The district court accepted the magistrate judge's recommendation, and acrimonious pre-trial proceedings continued for several years, culminating in a week-long bench trial in 2010. CPDO argued at trial that it had not violated the terms of Deed 91 because it had always managed the Villa Sultanita project in line with HUD guidelines, and any adverse findings in the HUD audit were actually the result of Mayagüez's refusal to communicate in any form with CPDO. According to CPDO, HUD gave Mayagüez the opportunity to “sanitize” the audit findings if the city could provide information indicating that the grant money had been spent in compliance with the CDBG program purposes and guidelines. CPDO claimed that it could have provided this information to HUD, but was prevented from doing so by the mayor of Mayagüez. Indeed, CPDO argued that the mayor's antipathy for CPDO was so great that he chose to repay nearly $4,000,000 in funds rather than work cooperatively with CPDO.

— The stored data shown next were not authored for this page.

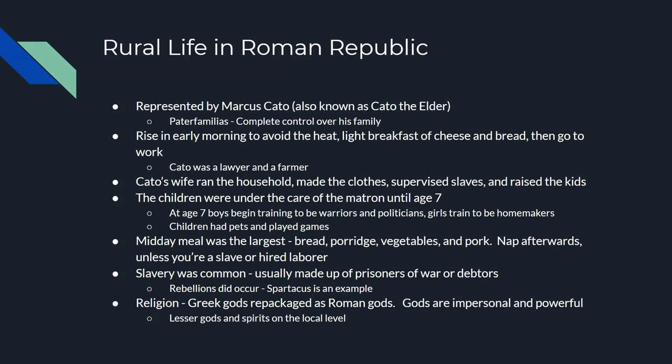Slavery was common in Rome — lots of slaves, usually made up of prisoners of war. Rome had a lot of war so it wasn't hard to get prisoners. In fact, there was a problem with Romans freeing so many slaves that they had to put limits on how many slaves per year could be freed. There were some rebellions — Spartacus, if you've heard of him, was the most famous rebel, and it took over a year to put his rebellion down. For religion, the Romans had the Greek gods repackaged as Roman gods: Jupiter, Juno, Mars, Venus, and so on.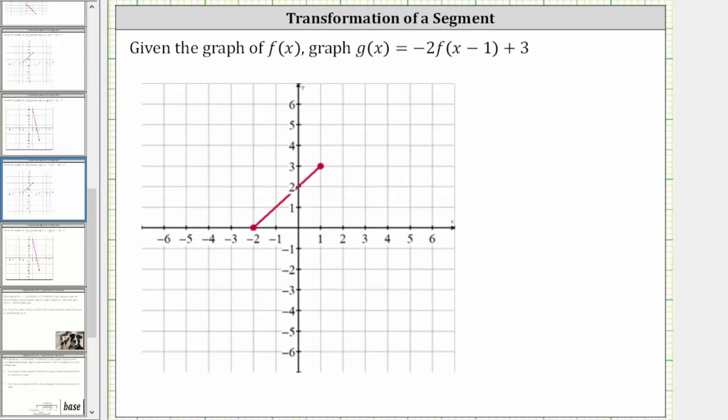We are given the graph of f of x and asked to graph g of x equals negative two times f of the quantity x minus one plus three.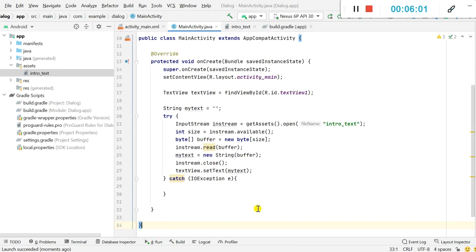So that's all in this video. This is the simple code which is required for reading text from assets folder. Thank you very much for watching this.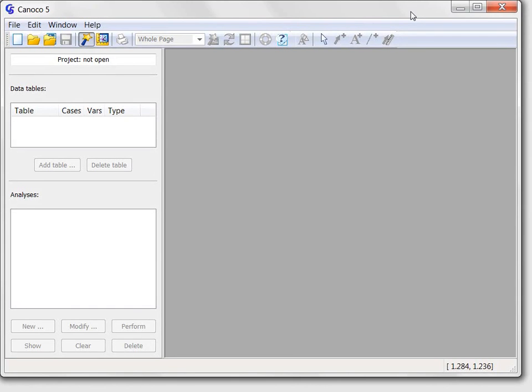Hello, my name is Petr Schmilauer and this is the fourth and final part of our tour of the Canoco 5 program. We have ended the previous part by closing our new project, so I need to open it again.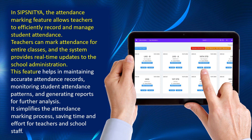This feature helps in maintaining accurate attendance records, monitoring student attendance patterns, and generating reports for further analysis. It simplifies the attendance marking process, saving time and effort for teachers and school staff.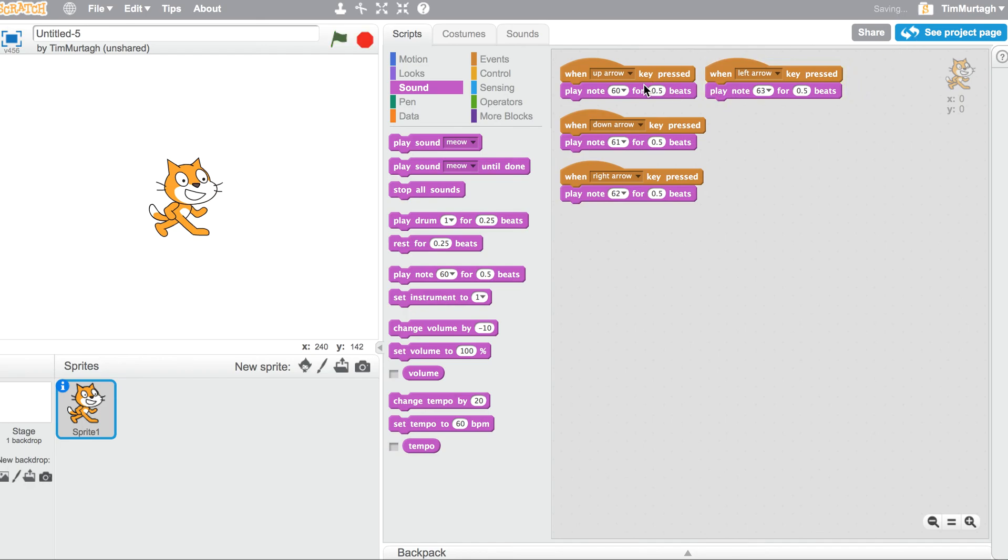You can go higher but they get quite high pitched, and you can go lower as well, but sometimes it's a little bit harder to see. For now that's all you need. So watch the next video to be able to create your actual Makey Makey piano.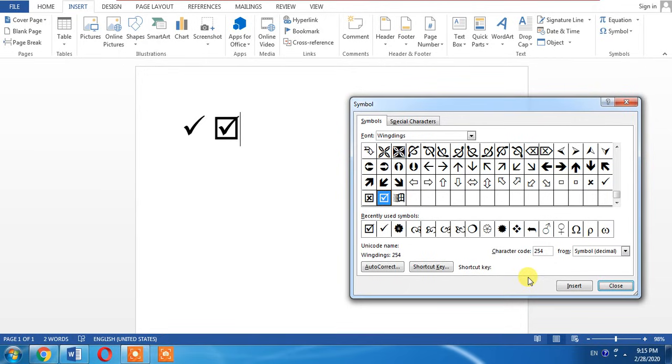And this is how you can also create tick mark. If this video helped you in any way, I request please subscribe my channel and hit the like button. Thanks for watching, thanks for your time. Goodbye.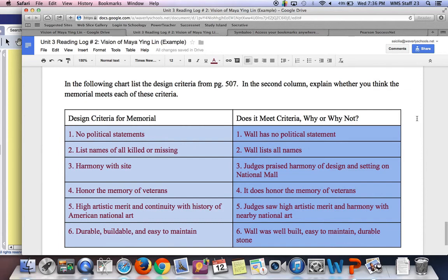For high artistic merit and continuity with history, the judges said it did have high artistic merit and harmony with nearby national art. And for durability — it's made of polished stone with names engraved on it, built into the hillside, so it can't topple over like a statue could. It's easy to maintain — essentially just rinse it off. So it does meet all those criteria.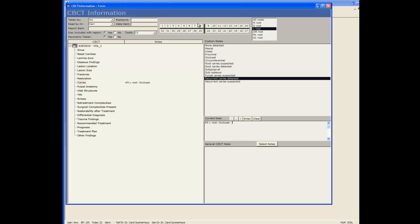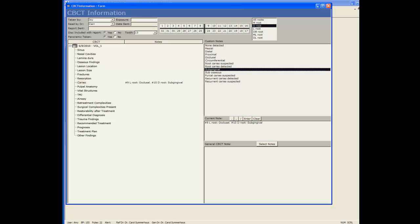Now I want to do tooth 10, distal root, subgingival and as I'm clicking items it's typing it here under current note and also showing it over here next to carries.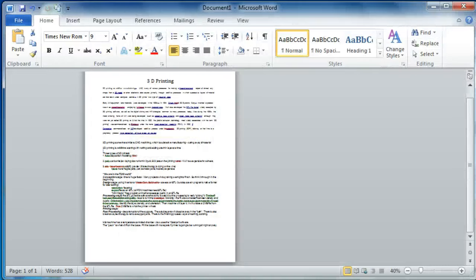Just super easy. It just kind of condenses everything, and you've got one document.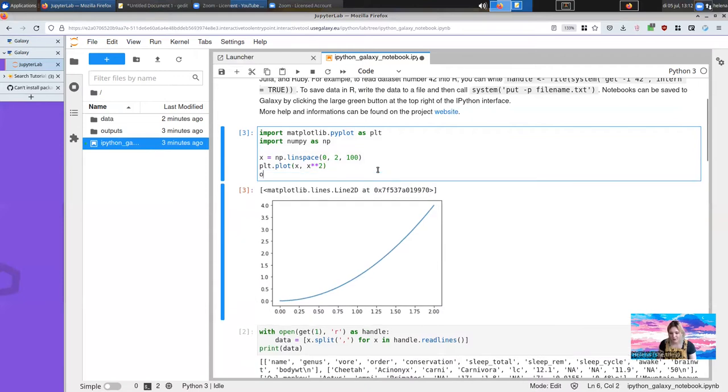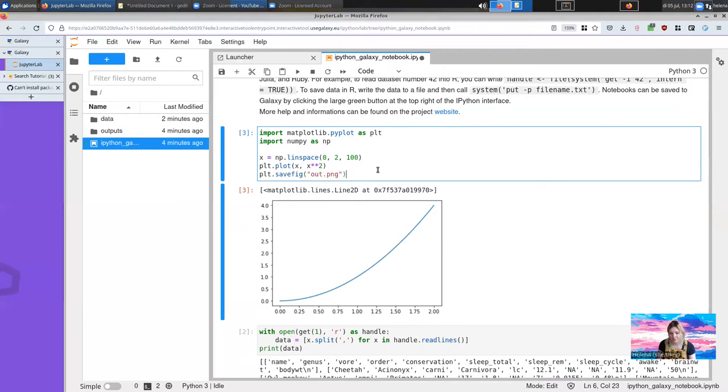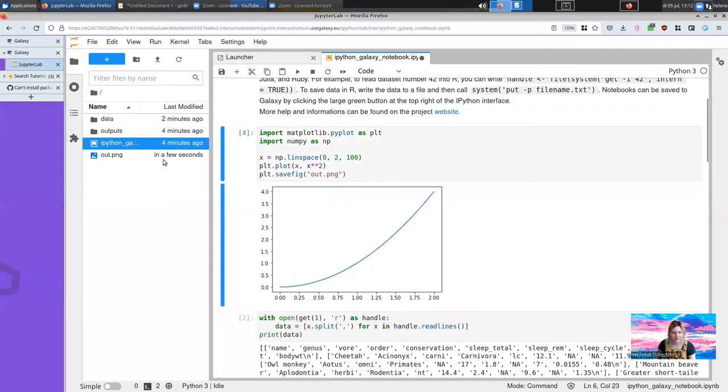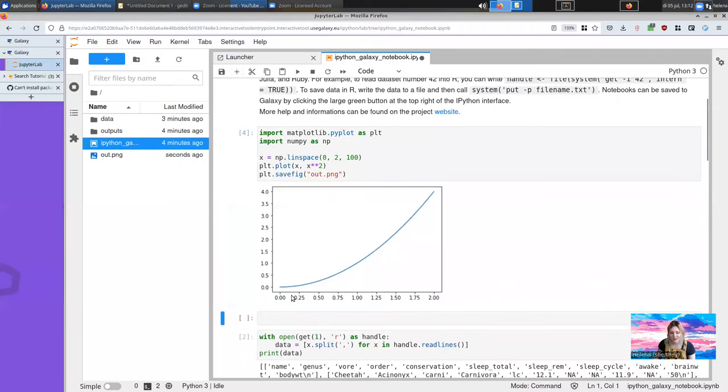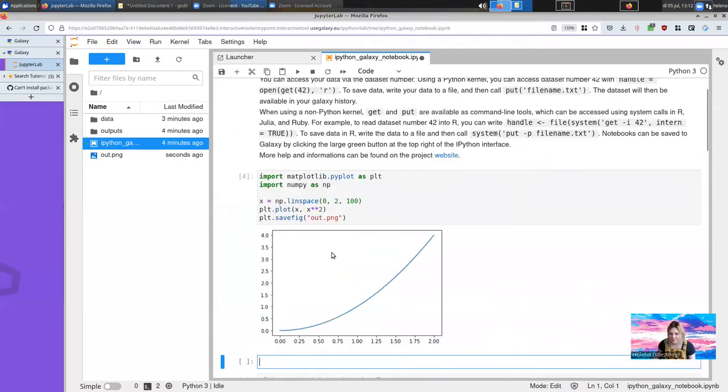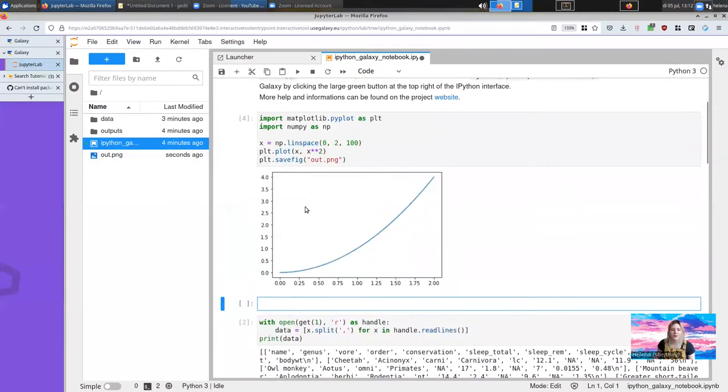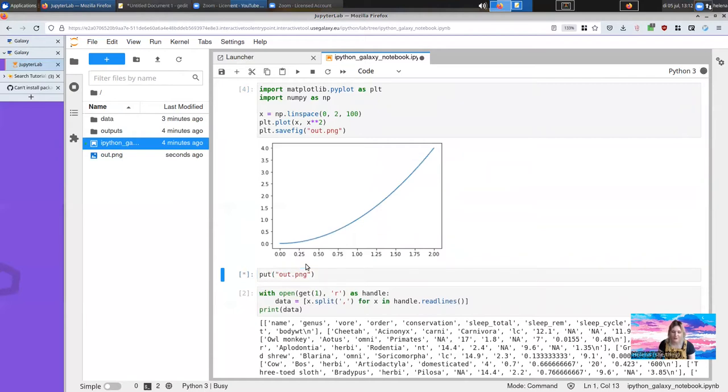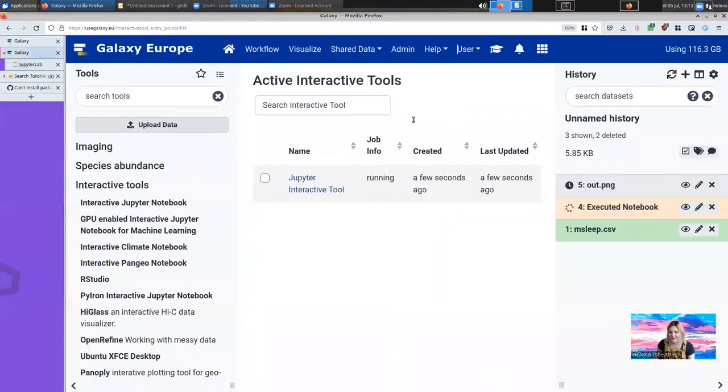I believe we can call plot.save and give it a name. Here it'll save the figure as out.png. Then you can use the put command to share that back to the Galaxy history. So I'll go ahead and run put out.png. Of course, you should use better file names always.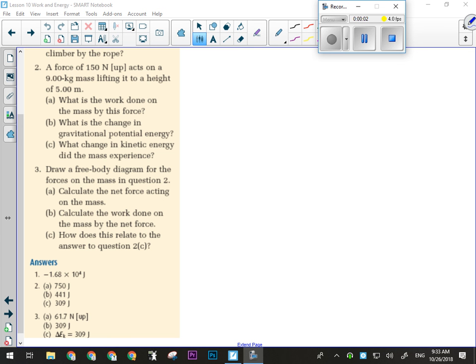On Wednesday, we were talking about the work-energy theorem, and that work is a change in mechanical energy. Mechanical energy is made up of both kinetic energy and potential energy, and both can change at the same time. So if work is done, the object is either speeding up, gaining potential energy by moving upwards, or both at the same time.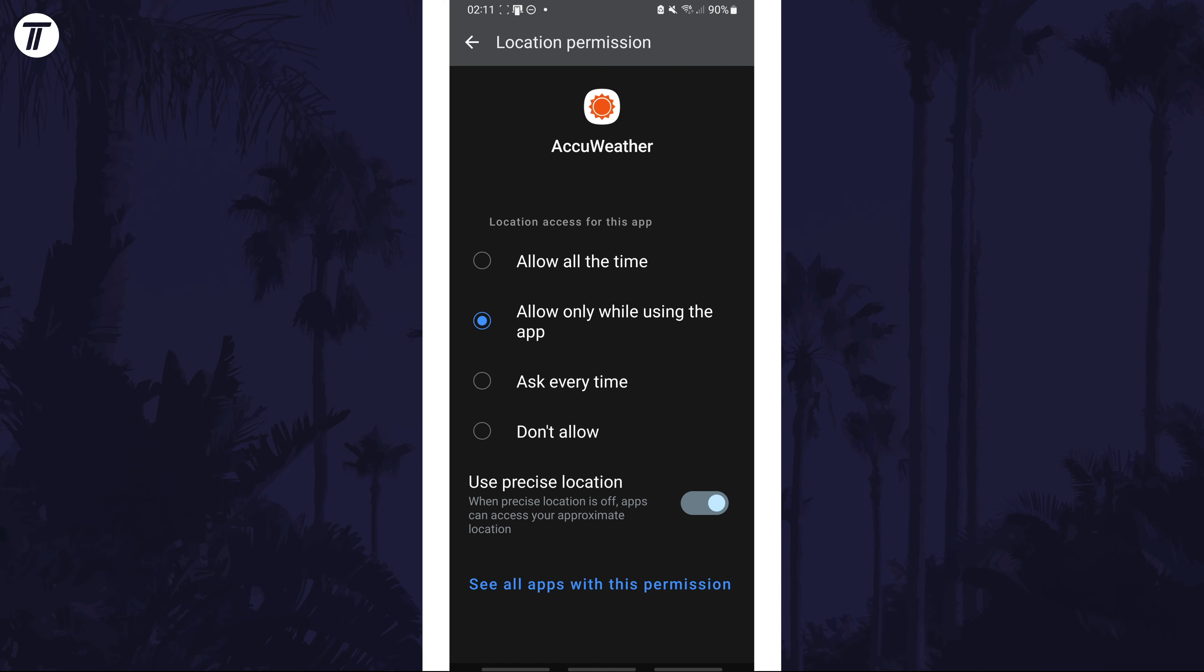You can search for location on the home page of the settings to make sure location is turned on for your entire device as well. That's how to turn on precise location on a Samsung phone.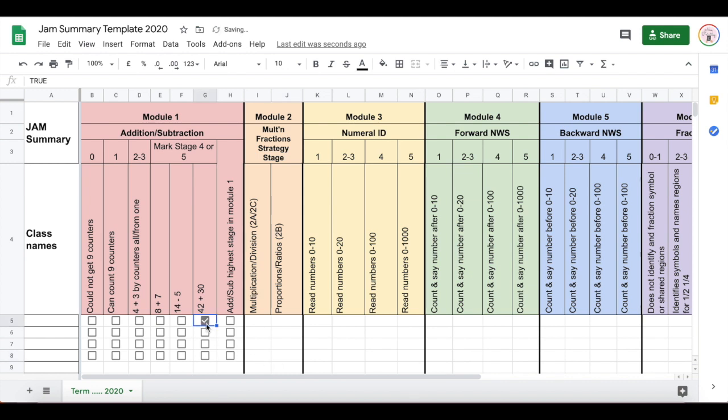You just simply click and it will turn them into a tick which is great for assessment or for checking and for ticking off.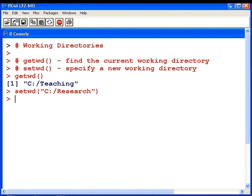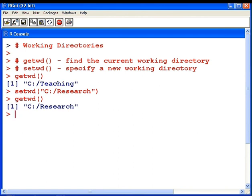And there we have it, my new working directory is now the research directory. I'm going to just double check that with get working directory, just to make sure it's been updated. There we have it, C research.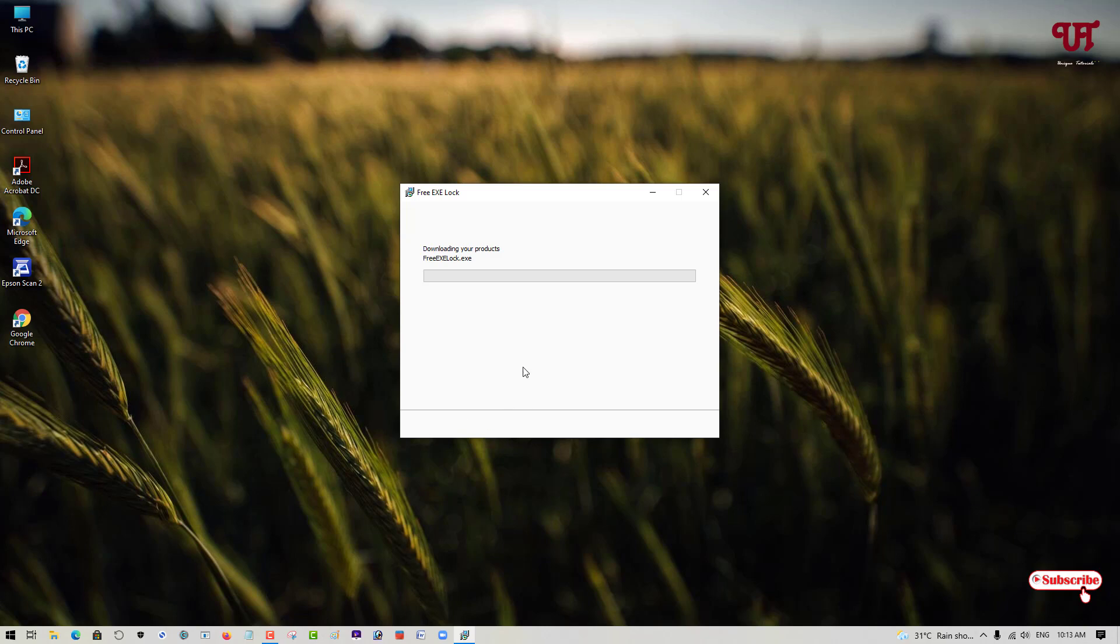Now, it's starting to download the real software FreeAxeLock.exe. Wait for a few more seconds.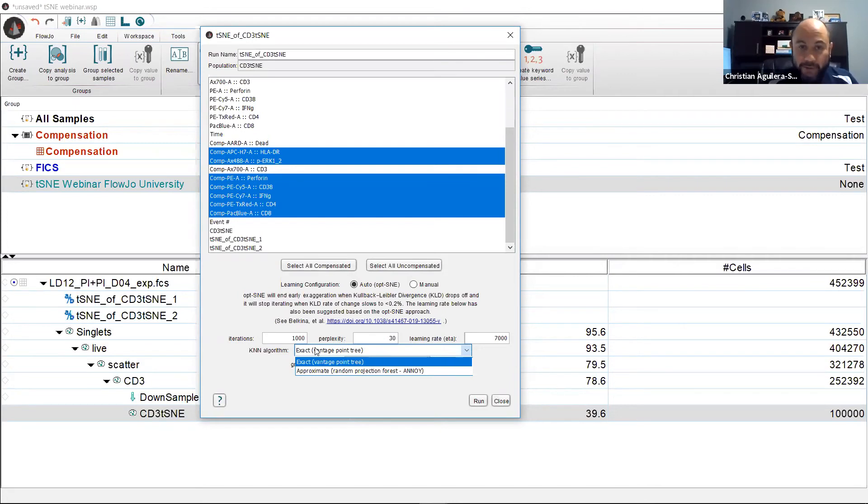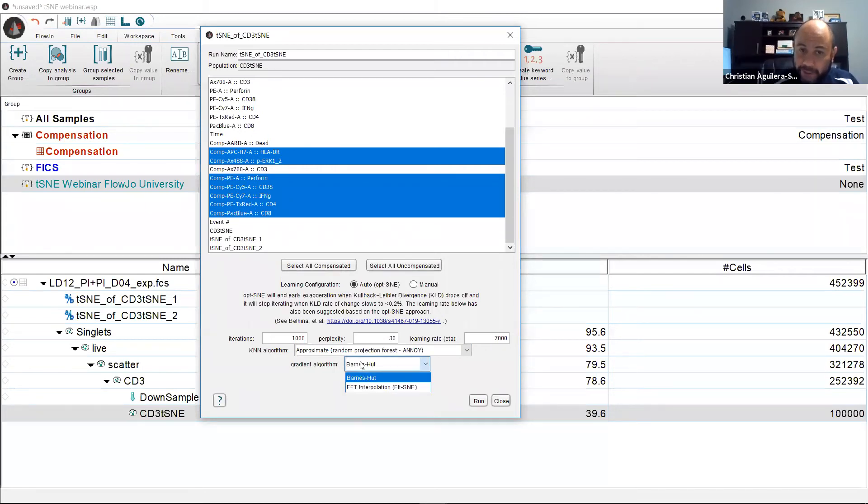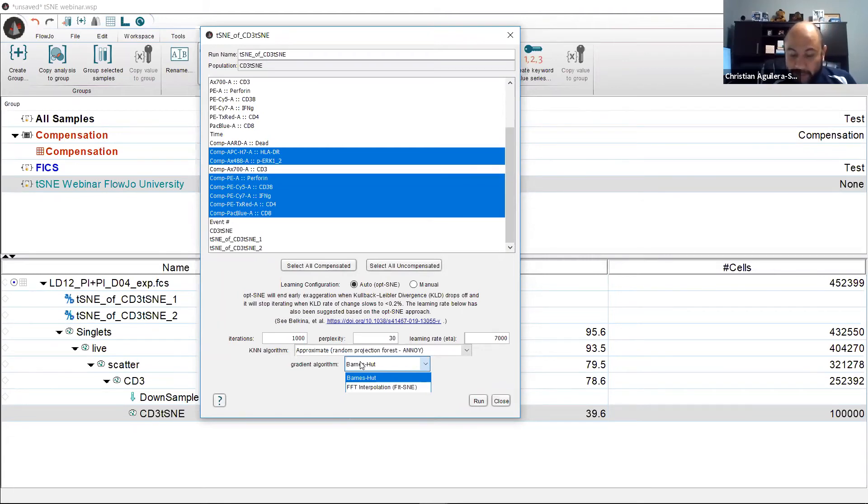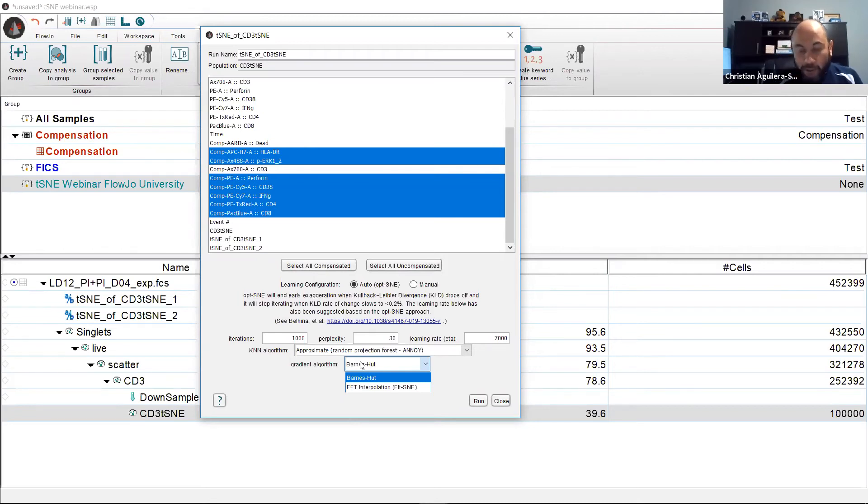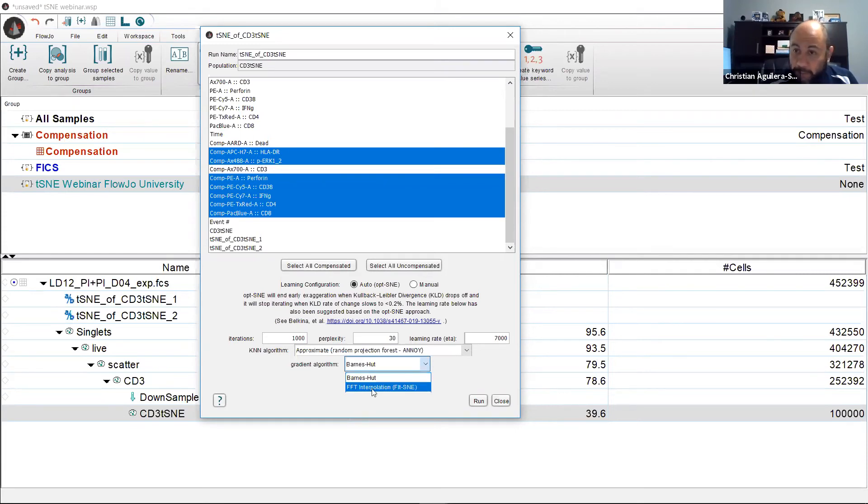For the gradient algorithm, let's choose approximate. For the gradient algorithm, the choices are Barnes-Hut and FFT or FIT-SNE. FFT uses the Fourier transforms for faster computation of repulsive forces approximation. Hence, it runs faster with largely the same results as Barnes-Hut. All in all, I would recommend running t-SNE with annoying and FFT for t-SNE plots of 5 million events or less, like in this example where we are only running it on 100,000 events.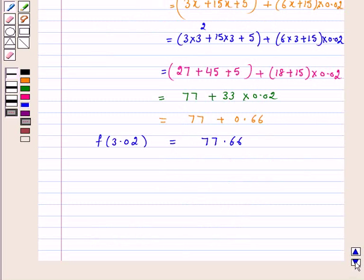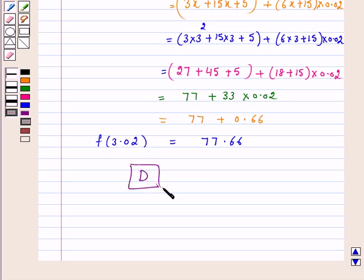Hence, option D is correct — D is the correct answer. I hope your question is clear to you. Bye and take care.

In addition to its arguments on the merits, CPDO again moved to dismiss at trial for lack of subject matter jurisdiction. CPDO offered evidence that in the years since Mayagüez filed its complaint, HUD had administratively closed its audit against Mayagüez. According to CPDO, once the HUD investigation against Mayagüez was closed and could no longer be challenged, no federal issue remained. The district court disagreed, concluding that Mayagüez's agreement to repay HUD did not resolve the question of whether CPDO had breached its responsibilities as a sub-grantee, which were memorialized in Deed 91. In the district court's opinion, resolving the dispute between CPDO and Mayagüez continued to “turn[ ] heavily upon determining whether federal regulations, as incorporated into the contract between the parties, were complied with.” Mun. of Mayagüez v. Corporación Para el Desarrollo del Oeste, 824 F.Supp.2d 289, 294 n. 1 (D.P.R.2011) (emphasis supplied).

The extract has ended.